I love that last sentence – it’s both horrible and hilarious. I would probably find it less hilarious if there had actually been any ad hominem attacks in the reviews I received, but my reviewers were all professional. I can easily imagine how there might be less professionally objective reviews, however.

“This applicant is, personally, the sole reason why we haven’t solved deforestation and climate change! Not only shouldn’t we give her money, we should actually steal money from her when she isn’t looking! Come on, Review Committee, who’s with me?”
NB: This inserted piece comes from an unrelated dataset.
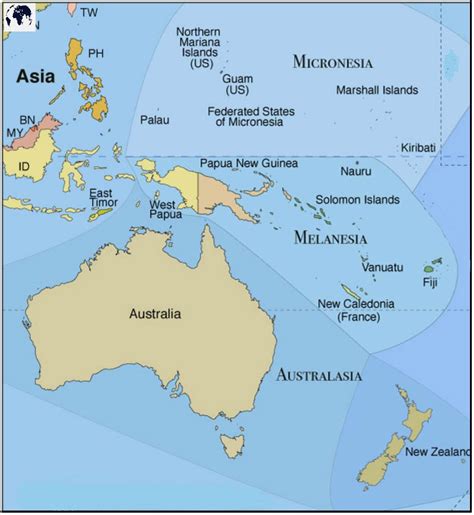 Free Labeled Oceania Map with Countries & Capital - PDF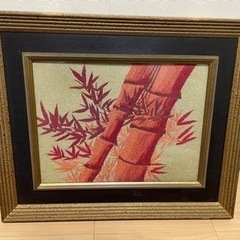 ハンドメイド 布絵 竹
Scientists are real people, with real friendships and rivalries and old grudges. When you submit a paper to a journal, you are often asked to list “reviewers not recommended” – reviewers who you believe to be biased against your work. (That doesn’t mean you’re safe from them, though; I know at least one journal editor has a policy of making sure to send a paper to at least one reviewer-not-recommended, just to see what’s going on there!) When you work in one research group, you may be intentionally joining a decades-old rivalry with another research group. If your research findings contradict someone else’s, you may unintentionally start a new rivalry. Peer review always has to take into account that your peers are real people. I’d never seen the reviews come with a warning before, though!
Quote 2 – from the essay “Getting Animals In View” by Christine M. Korsgaard, in The Point
Okay, I almost never read philosophy essays. They tend to say things like, “Humans are different from all other animals because we can conceive of our own mortality,” which makes me want to demand how, exactly, the author proposes to test ability-to-conceive-of-own-mortality across a broad range of species; and how he knows that I can conceive of my own mortality (I can claim that I can, but self-reporting is notoriously unreliable); and why, exactly, a gazelle fleeing a cheetah can be said to not be able to conceive of its own mortality, since it’s definitely running away for some reason…
But this particular philosophy essay was rather wonderful. I did have some quibbles with it, but I’ll give it a pass on those because of this:
“What is important about the other animals is what we have in common: that they, like us, are the kinds of beings to whom things can be important. Like us, they pursue the things that are important to them as if they were important absolutely, important in deadly earnest—for, like us, what else can they do? When we do this, we claim our own standing as ends in ourselves. But our only reason for doing that is that it is essential to the kinds of beings we are, beings who take their own concerns to be important. The claim of the other animals to the standing of ends in themselves has the same ultimate foundation as our own…”
The essay was part of a series called “What Are Animals For?” and I love this essay’s final conclusion, that animals are for – well, for being animals. For themselves.
Anyone who has spent any time watching animals will agree that they do indeed seem to “pursue the things that are important to them as if they were important absolutely.” In other words, they behave as if they are real. Not “just” a snail or a junco or one of billions of deer mice, but an individual to whom things matter.
Of course you could argue that it isn’t hard to program a computer to prioritize things, that consciousness means this and sentience means that and animals aren’t— and so on. None of my research is concerned with this or will shed any light on it; I won’t ever rule out the possibility that juncos might be mentally empty little drones. And it doesn’t affect my research questions either way.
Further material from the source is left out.